Description
Simplify dinner with our mouthwatering Crockpot BBQ Chicken Tacos! Juicy chicken cooked to perfection in the crockpot and finished on a sheet pan for that irresistible crisp, served with zesty corn salsa and creamy avocado lime crema—a surefire hit for any night of the week!
Ingredients
Scale
For the Tacos:
- 4 small or 2 large chicken breasts or boneless skinless chicken thighs
- 1/2 cup of your favorite bbq sauce
- 2 teaspoons chili powder
- 2 teaspoons smoked paprika
- 2 teaspoons dijon mustard
- 8 corn tortillas
- 1 1/2 cups shredded cheddar
- toothpicks (if needed)
For the Salsa:
- 1 package frozen roasted corn, cooked according to package instructions and cooled
- 1/2 a cup of fresh chopped cilantro
- 1/2 a lime juiced
- 2 chopped scallions
For the Crema:
- 2 avocados peeled and pitted
- 1 lime juiced
Instructions
- Place chicken and bbq sauce in a slow cooker and cook on high for 2 hours or low for 4.

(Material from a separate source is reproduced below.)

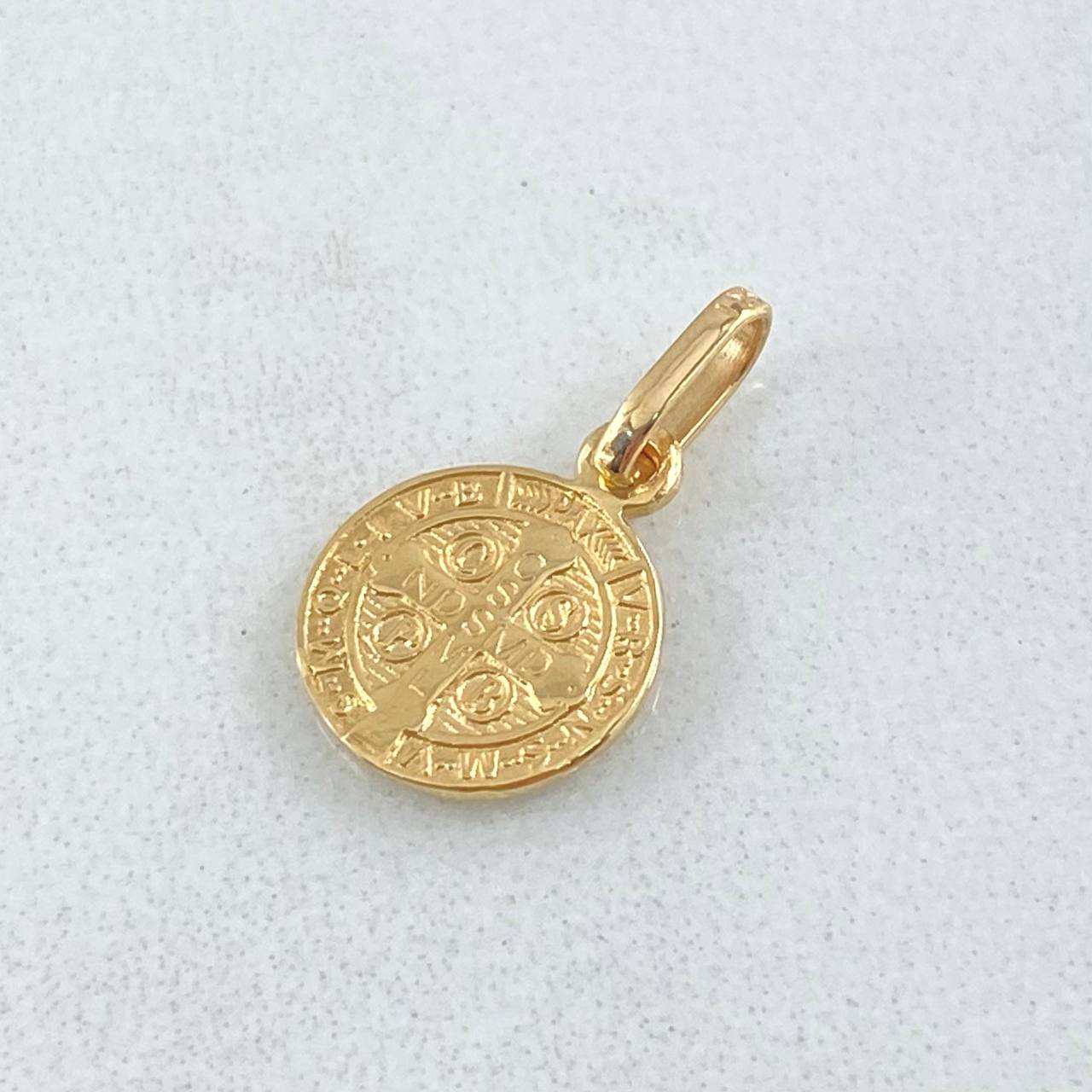 Dije San Benito 0.9gr / 1.6cm / Oro 18K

- Once the chicken is done, add the smoked paprika, chili powder, and dijon mustard.
- Shred the chicken with forks or in a mixer.
- Preheat the oven to 425F.
- Microwave the corn tortillas for 20-30 seconds to make pliable.

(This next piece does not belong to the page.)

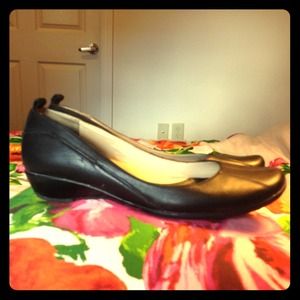 Comfortable black shoes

- Line a baking sheet with parchment paper.
- On the sheet, spray the tortillas with cooking spray front and back.
- To each tortilla, add cheese, chicken, and more cheese.
- Fold the tortillas in half. If the tortillas continue to pop up, use two toothpicks in each to hold the top down.

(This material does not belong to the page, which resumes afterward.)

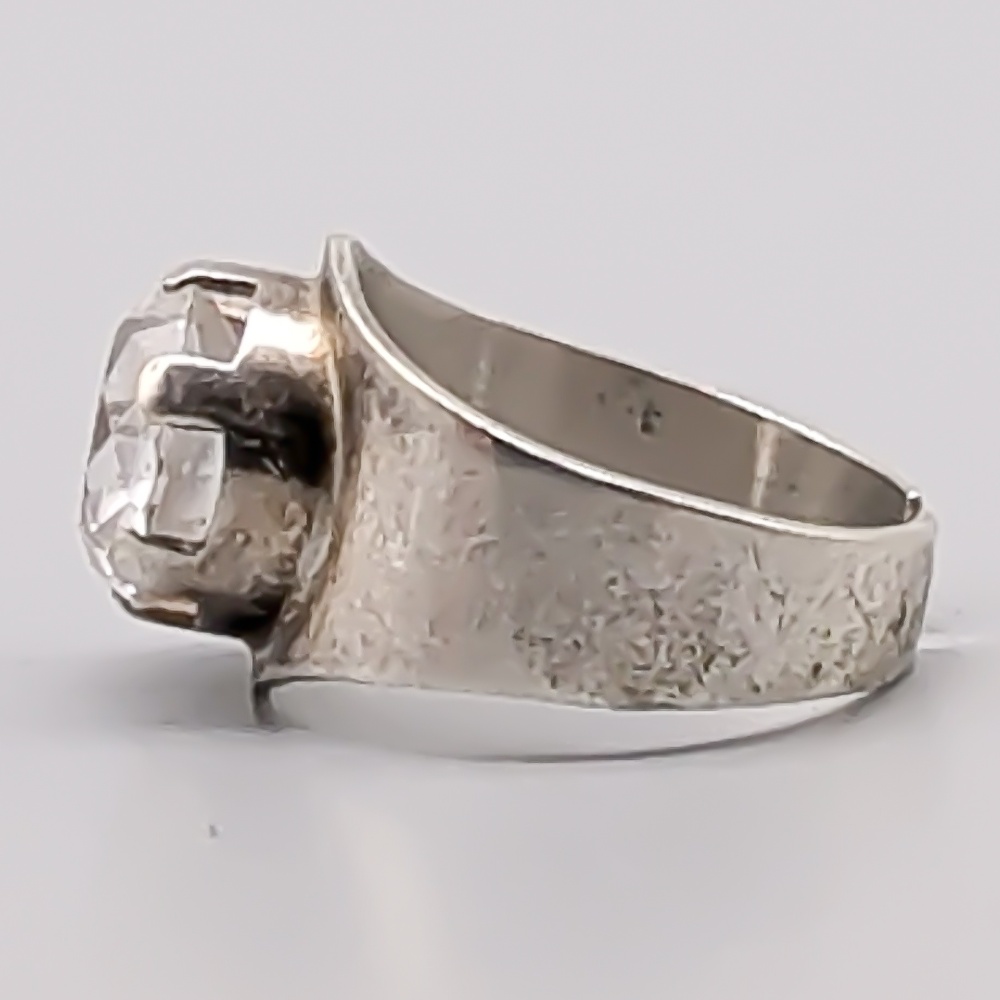 Ring i Silver med Vit Sten S830 4.59g 18mm - Bild 2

- Bake for 8 minutes, then flip. If using the toothpicks, remove when flipping.
- Cook for an additional 5 minutes.
- While the tacos cook, mix all of the salsa ingredients and place in the fridge until ready to eat.
- Place the avocados and lime juice in a food processor and process until smooth.
- Serve the crispy tacos immediately with corn salsa and avocado!